**EXERCISE OBJECTIVE**
Every entry that follows is to be set down exactly, with its pictures omitted.

**TASK DATA**
━━━━

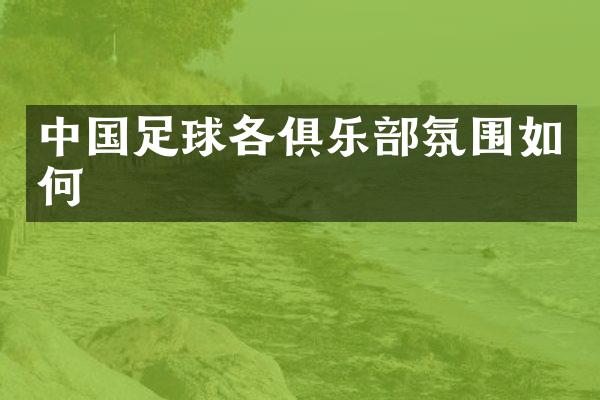 中国足球各俱乐部氛围如何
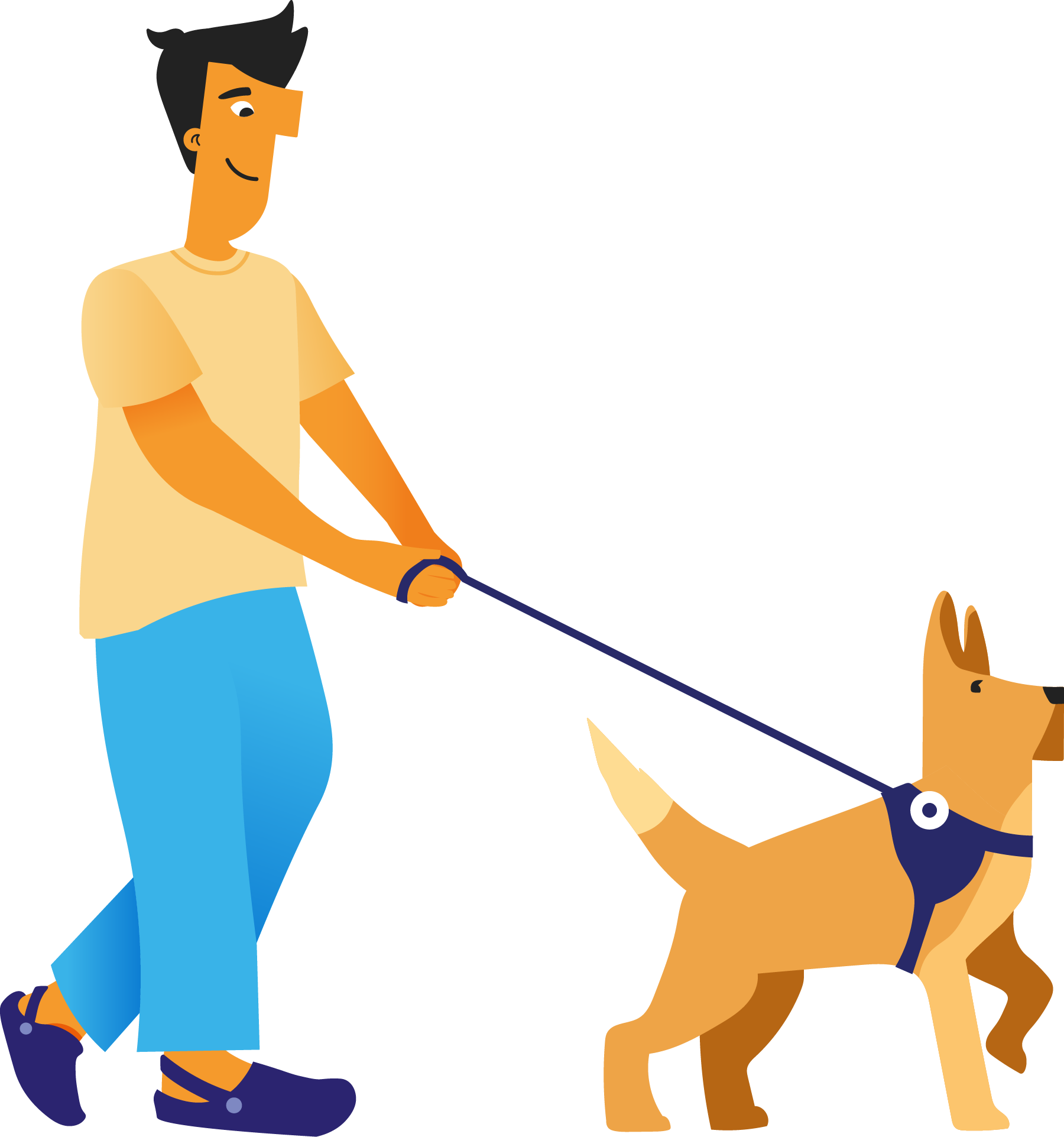 Ace walks Apollo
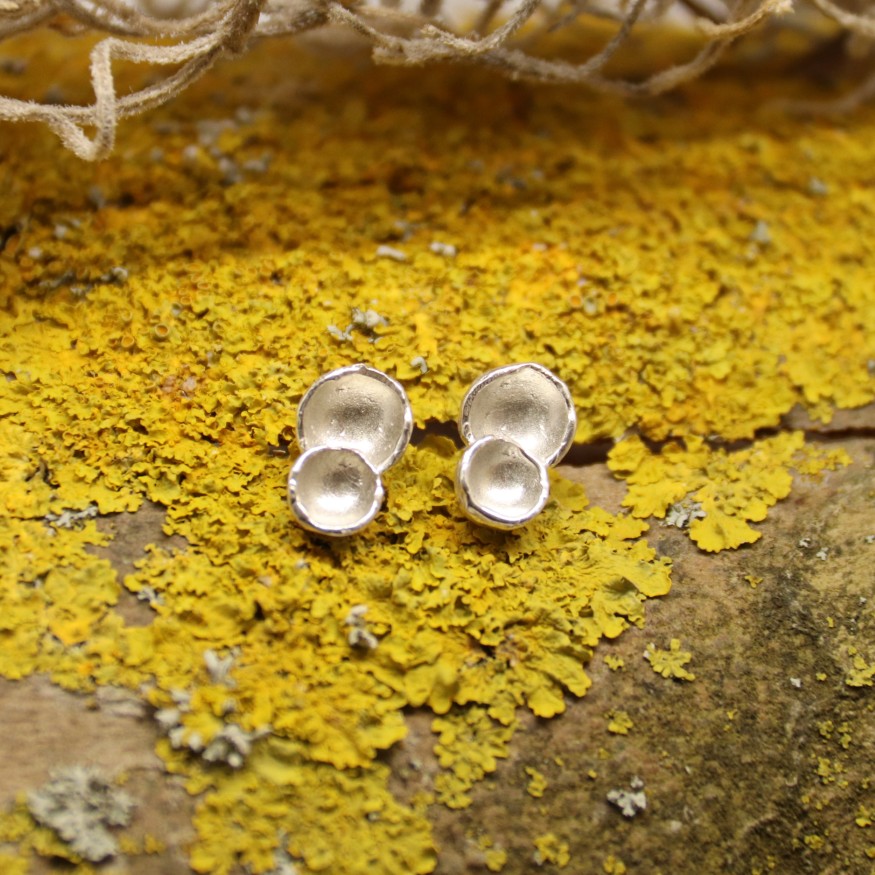 Little Twin Shells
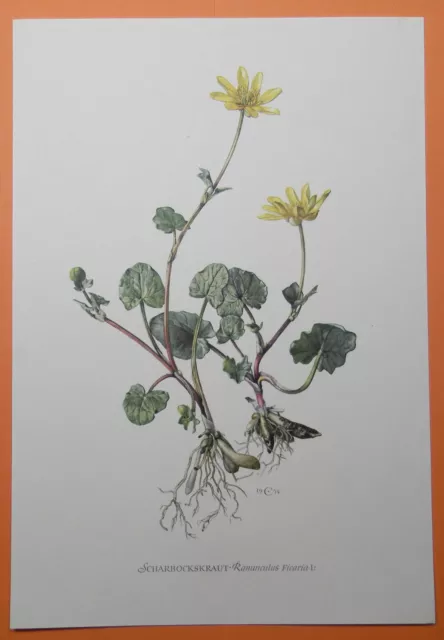 Scharbockskraut (Ficaria verna, Syn.: Ranunculus ficaria L.)  Farbdruck 1955
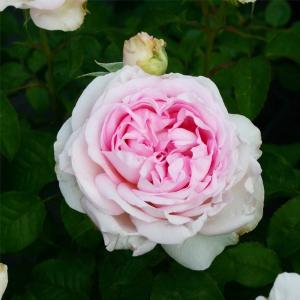 濃いピンクのバラ苗の商品一覧 通販 Yahoo ショッピング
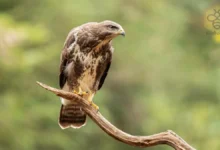 Buzzard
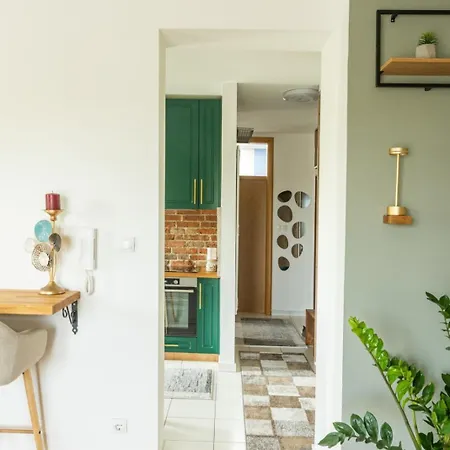 公寓 Sarmantan Stan U Centru Grada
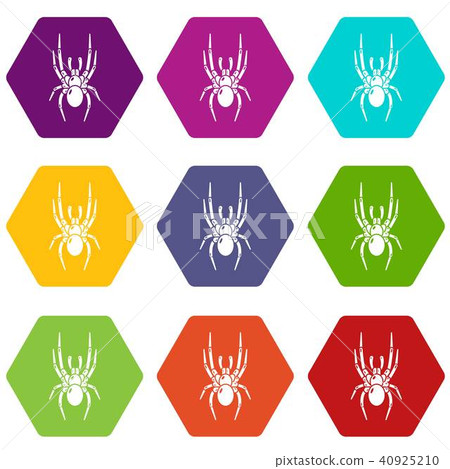 Spider icons set 9 vector Spider icons set 9 vector 40925210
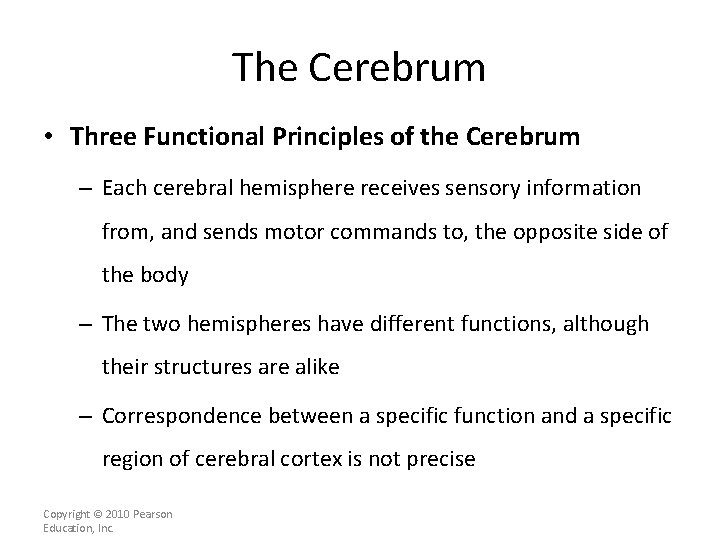 The Cerebrum • Three Functional Principles of the Cerebrum – Each cerebral hemisphere receives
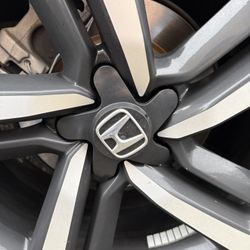 10th gen accord “Rim Guard”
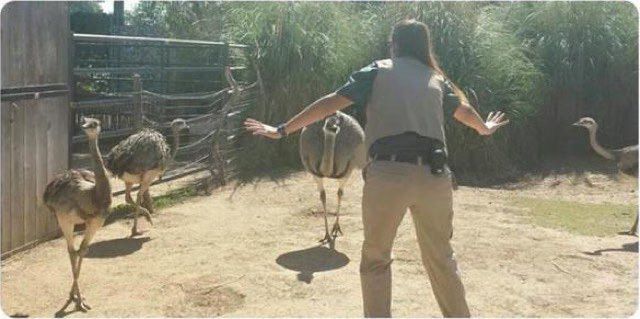 Zookeepers pose as Chris Pratt in 'Jurassic World' (PHOTOS) 01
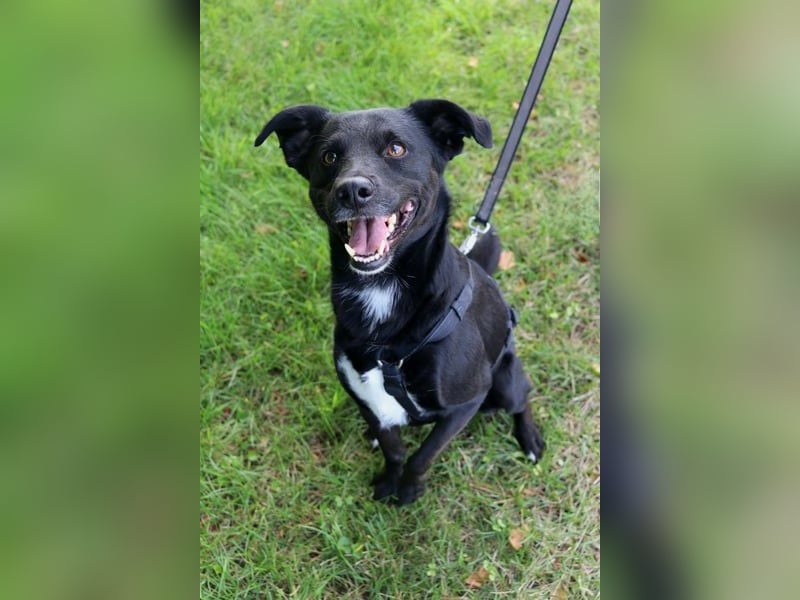 August - Großes Herz sucht Familie für ein dauerhaftes Happy End! (78166 Donaueschingen)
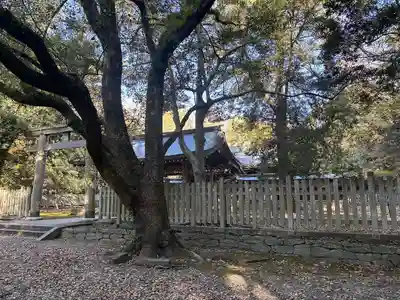 日前神宮・國懸神宮(和歌山県)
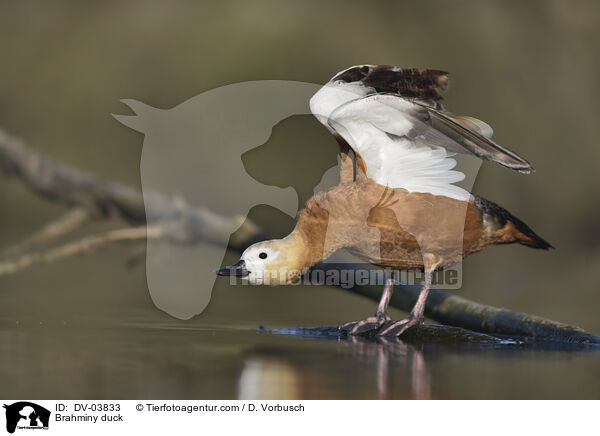 Brahminy duck / DV-03833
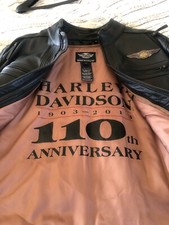 HARLEY DAVIDSON 110TH
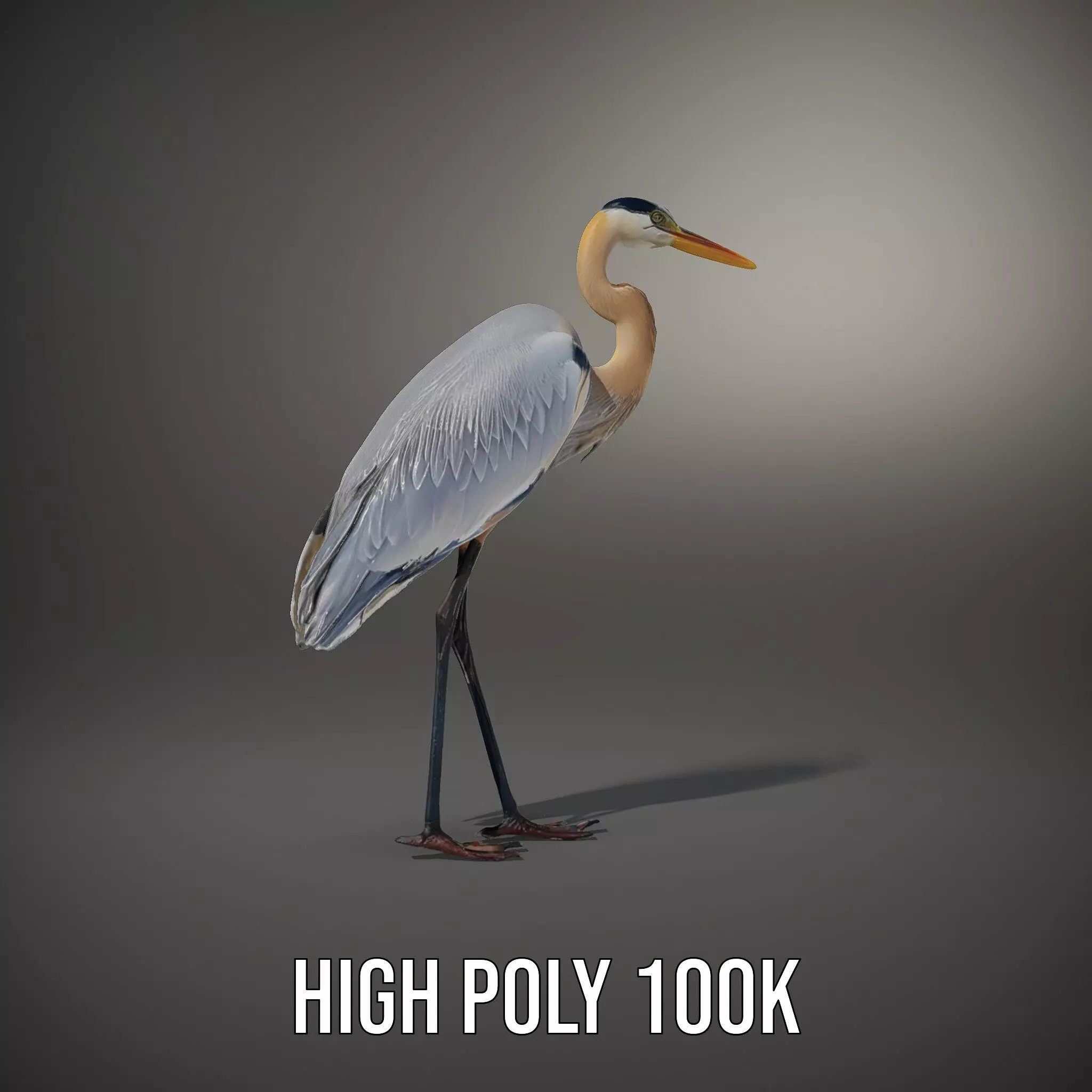 Elegant Heron model pack Low-poly 3D model_11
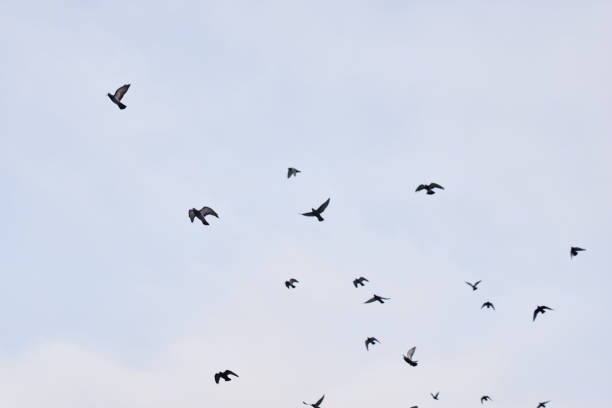 Flying pigeons in blue clear sky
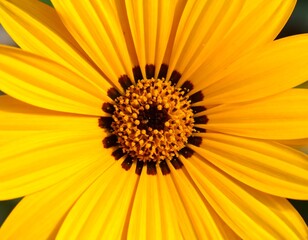Golden Sunflower Radiance Close-Up: Capturing the Warmth of Summer Day Nature Beauty
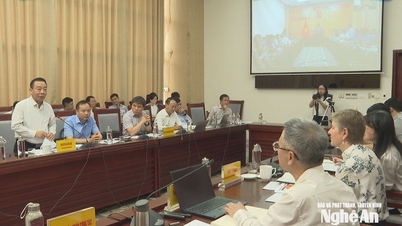 Líderes provinciais de Nghe An realizaram uma reunião com o Banco Mundial a respeito do Projeto de Desenvolvimento Urbano para Adaptação às Mudanças Climáticas.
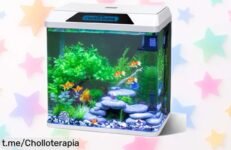 Acuario nobleza 30L con filtro e iluminación LED integrada, una maravilla para principiantes ahora a precio rebajado que no tardará en desaparecer ¡hazte ya con este super chollo y empieza tu aventura acuática hoy mismo!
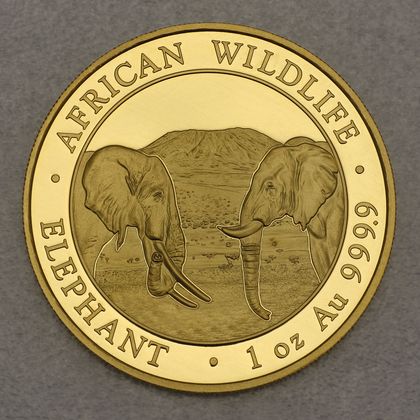 Goldmünze Somalia Elefant 2020
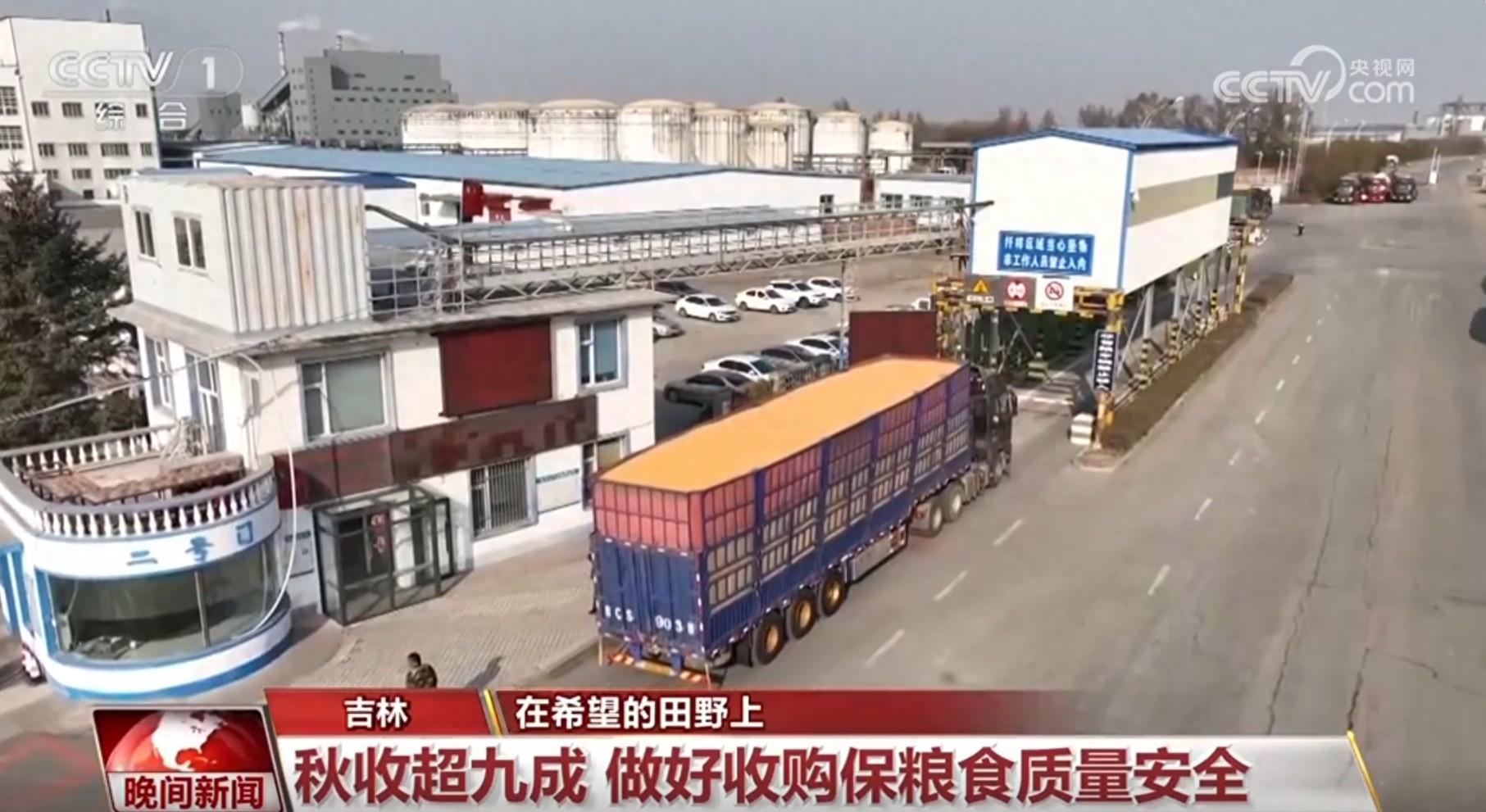 秋收工作接近尾声，各地如何确保粮食颗粒归仓？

━━━━

**RESULT OF THIS EXERCISE**
 中国足球各俱乐部氛围如何
 Ace walks Apollo
 Little Twin Shells
 Scharbockskraut (Ficaria verna, Syn.: Ranunculus ficaria L.)  Farbdruck 1955
 濃いピンクのバラ苗の商品一覧 通販 Yahoo ショッピング
 Buzzard
 公寓 Sarmantan Stan U Centru Grada
 Spider icons set 9 vector Spider icons set 9 vector 40925210
 The Cerebrum • Three Functional Principles of the Cerebrum – Each cerebral hemisphere receives
 10th gen accord “Rim Guard”
 Zookeepers pose as Chris Pratt in 'Jurassic World' (PHOTOS) 01
 August - Großes Herz sucht Familie für ein dauerhaftes Happy End! (78166 Donaueschingen)
 日前神宮・國懸神宮(和歌山県)
 Brahminy duck / DV-03833
 HARLEY DAVIDSON 110TH
 Elegant Heron model pack Low-poly 3D model_11
 Flying pigeons in blue clear sky
Golden Sunflower Radiance Close-Up: Capturing the Warmth of Summer Day Nature Beauty
 Líderes provinciais de Nghe An realizaram uma reunião com o Banco Mundial a respeito do Projeto de Desenvolvimento Urbano para Adaptação às Mudanças Climáticas.
 Acuario nobleza 30L con filtro e iluminación LED integrada, una maravilla para principiantes ahora a precio rebajado que no tardará en desaparecer ¡hazte ya con este super chollo y empieza tu aventura acuática hoy mismo!
 Goldmünze Somalia Elefant 2020
 秋收工作接近尾声，各地如何确保粮食颗粒归仓？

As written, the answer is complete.